Charles Henri Cordier
Acquired by The Detroit Institute of Art, USA
Signed ALGERS 1856 CH. CORDIER
Bronze with a rich dark brown, silvered, green and gilt patination
Height: 29.5 inches (75 cm)
Conceived and cast 1856
Charles Cordier was born in Cambrai and was, as a boy, apprenticed to a jeweller, which inspired the fine detailing and ornate use of multi patinas, enamel decoration and mixed medias for which he is so well known. He studied at the Ecole des Beaux Arts in Paris and then with the prominent sculptor Francois Rude. He exhibited for the first time at the Paris Salon in 1847 and soon became fascinated by the nobility and elegance of the foreign races. This speciality combined perfectly with the French interest in their new colony Algeria and the fashionable “Beaux Ideal” of the Second Empire and gained him the commission from the Paris Museum of Natural History to produce busts for a special ethnographic gallery. He then travelled extensively, going to Algeria in 1856, Greece in 1858 and in 1866 Egypt, on an ethnographic mission sponsored by the French government.
La Mauresque Noire was part of Cordier’s first group of twelve portraits that form his presentation of a new type of ethnography.

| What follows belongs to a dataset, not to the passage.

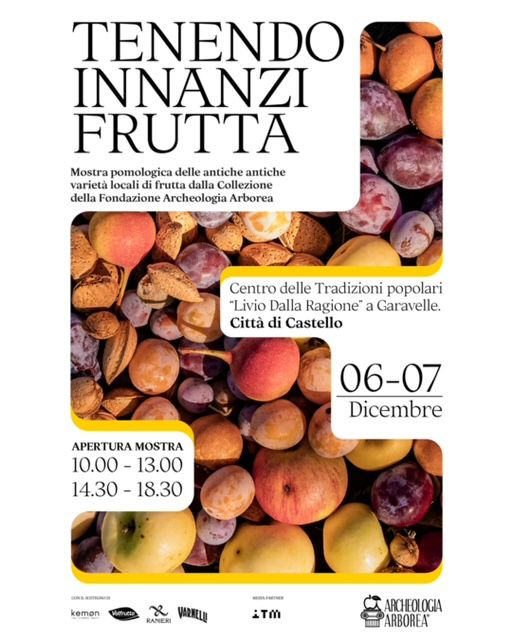 Il “Frutteto della Biodiversità”: a Garavelle un nuovo spazio educativo nel cuore della tradizione rurale - Ambiente | TTV.it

Exhibited at the Paris Salon of 1957, Cordier’s aspiration was to surpass the common romantic orientalist attitude to non-european races.
These works, often using mixed media and exotic patinations are highly sought after but produced in very small numbers as the quality of casting and finish was so high. Examples can be found in the Dahesh Museum, the Art Institute of Chicago, the Musée D’Orsay and the Courtauld Institute.